33rd Sunday of Ordinary Time

Next week is the last week of the liturgical year.  The Church’s liturgical calendar begins with Advent and closes with next Sunday’s Feast: The Solemnity of Christ the King.  The liturgical year is meant to help us meditate more deeply upon the various significant events of our Faith.  The Church gives us the liturgical calendar with all of its feasts in order to help us to walk with Our Lord in all the different stages and events of His life, death and Resurrection.  In the different feasts and seasons of the liturgical calendar the Church gives us readings and prayers for the Mass which reflect the liturgical season or feast that we are celebrating.  During Advent the Church has us recall how the entire human race, from the Fall of Adam and Eve on, awaited the promised Redeemer: the Savior Who would come and deliver us from sin and death.  At Christmas, we celebrate the birth of our Savior; throughout Ordinary Time we hear of Jesus’ ministry, His preaching and all the various miracles that He performed while on earth.  In Lent we spend time meditating on the fact that Jesus died on the Cross for us; at Easter we celebrate His glorious Resurrection from the dead.  Forty days later we celebrate His triumphal Ascension into Heaven; at Pentecost we celebrate the descent of the Holy Spirit.  Then at the end of the liturgical year we meditate upon the fact that this world will not last forever: all of time is a procession towards eternity.

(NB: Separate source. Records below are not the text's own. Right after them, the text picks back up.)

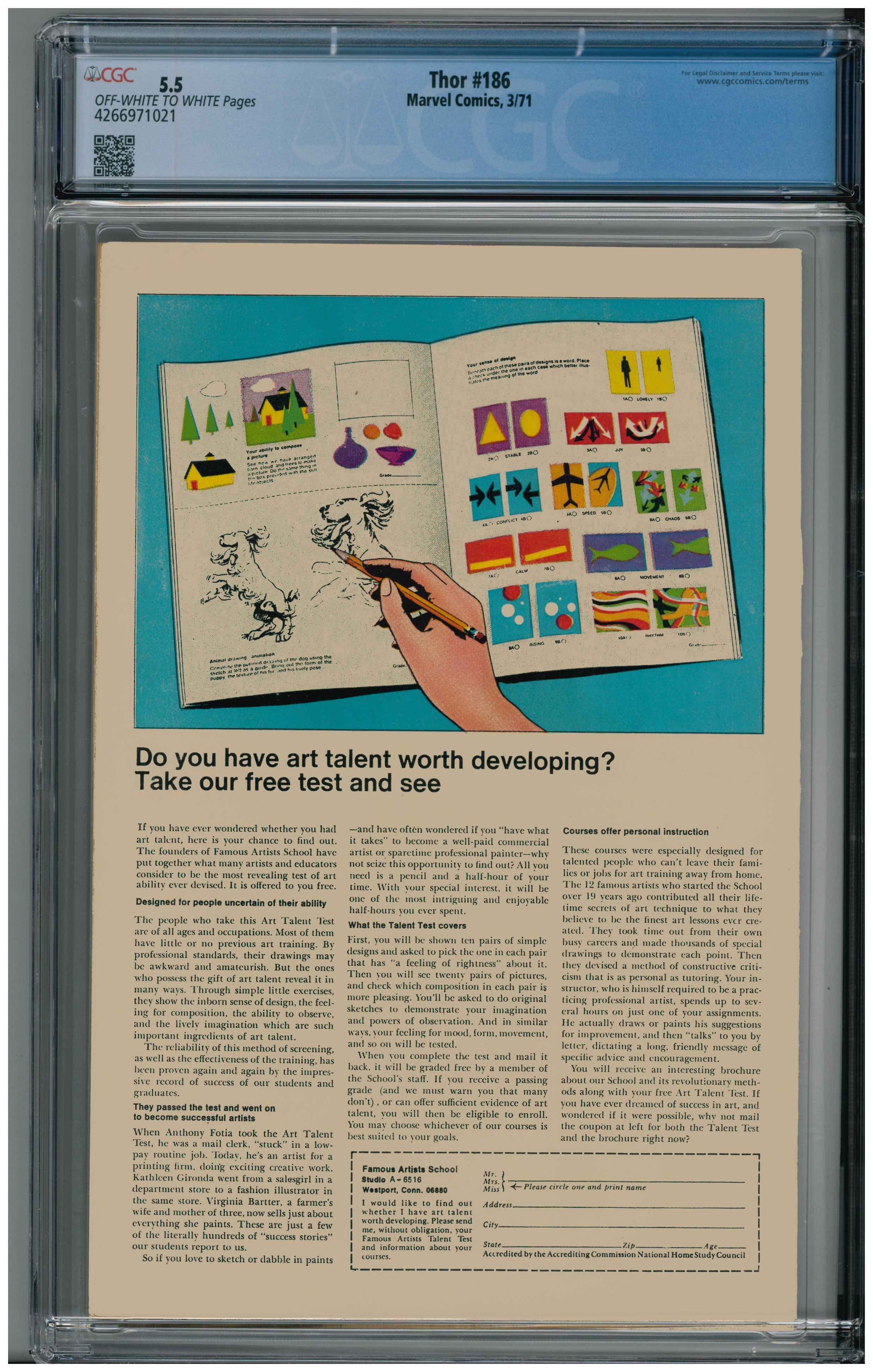 Thor #186 Rückseite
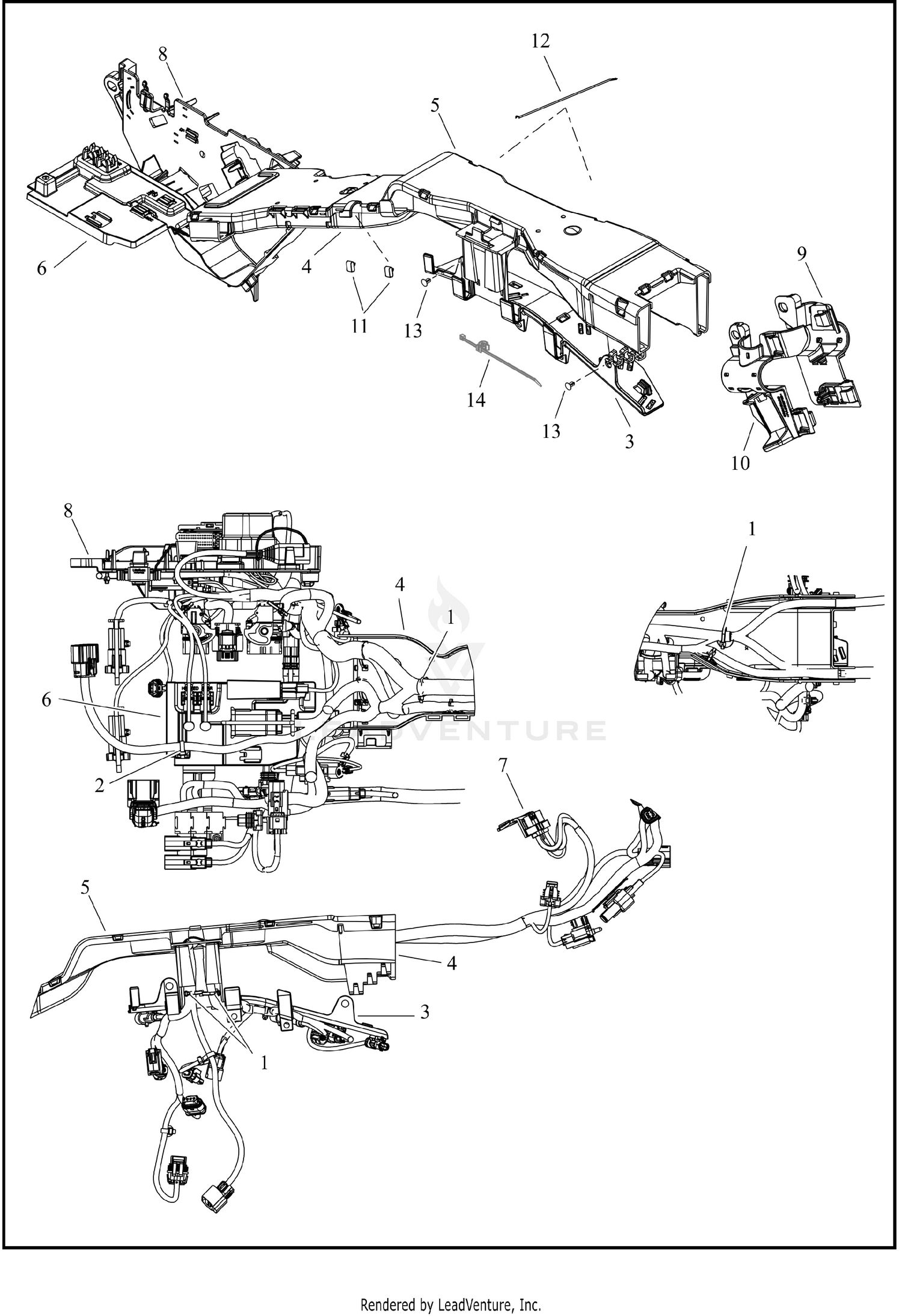 WIRE HARNESS, MAIN, CADDY AND ENCLOSURE
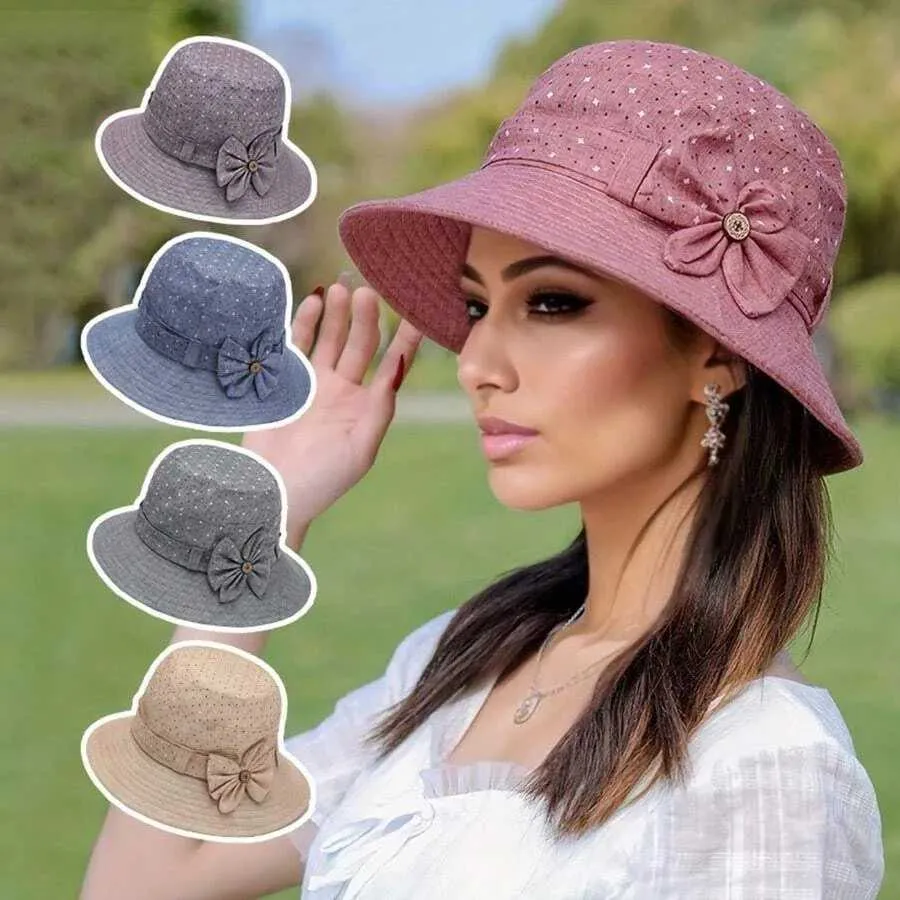 Vintage Floral Bucket Hat Foldable Wide Brim Sun Protection SPF Lady Wide Brim Bucket Hat Cutout Hollow Straw Ethnic Flower  main image 4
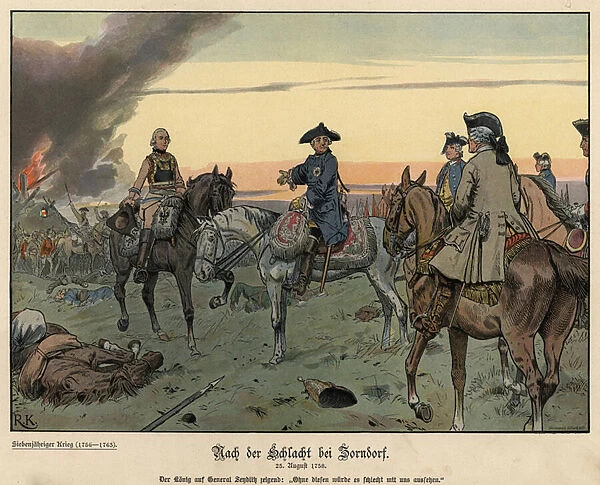After the Battle of Zorndorf (colour litho)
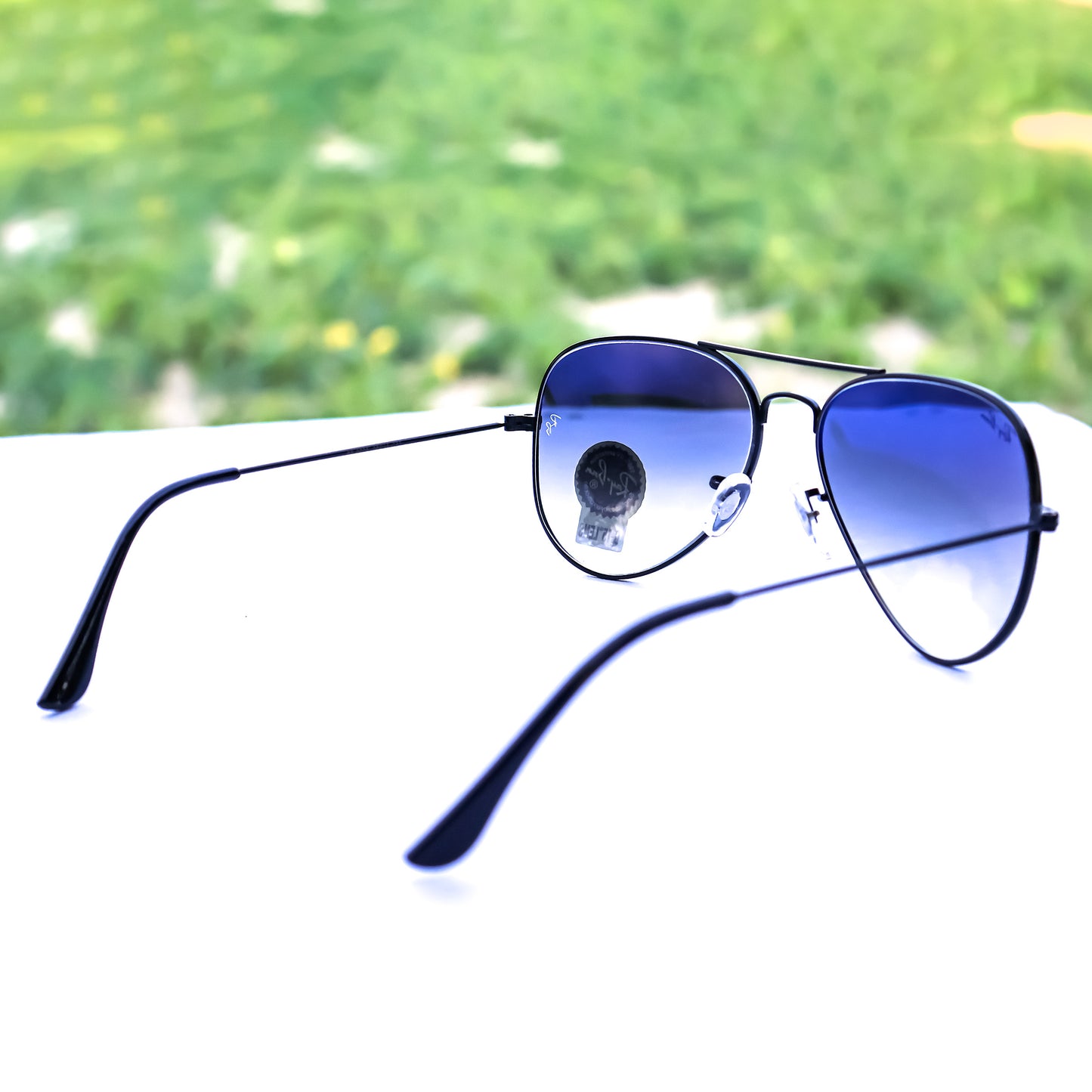 Jiebo Blue Mercury Aviator Sunglasses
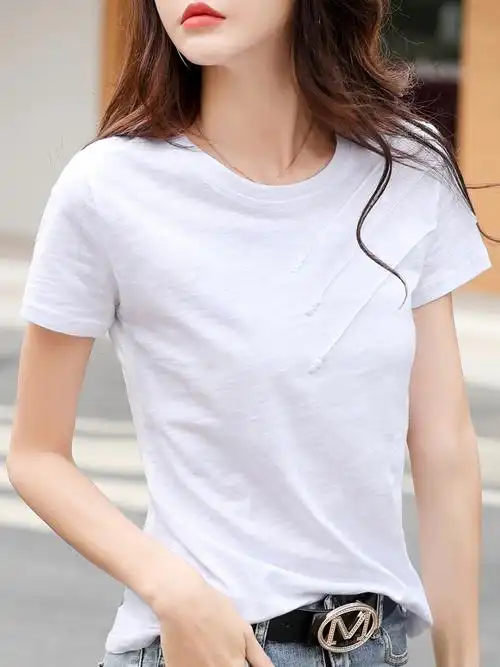 纯棉短袖恤女夏季2022年新款女装宽松大码白色t恤
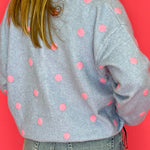 Sweet Spot Polka Dot Knit Cardigan in Blue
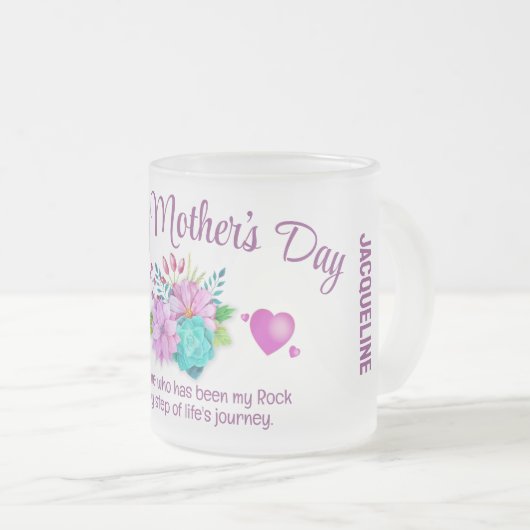 Monogramm-MUTTER-Tag Mattglastasse (VorderseiteRechts)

As our liturgical year draws to a close, the Church gives us readings that concern the end of time.  Every week we profess in the Creed that we believe that Jesus Christ will come again in glory to judge the living and the dead.  The Church uses the end of the liturgical calendar as a time for us to meditate on that reality.  Not that we should fret over the end of the world or get caught up in wild predictions about when the end will come and how.  The Bible has many prophecies which are interesting, but they are very difficult to interpret.  Our Lord, in today’s Gospel, tells us not to go chasing after those who claim to know when the time is coming.  In another Gospel passage Our Lord tells us that no one knows the day or the hour when He will return in glory.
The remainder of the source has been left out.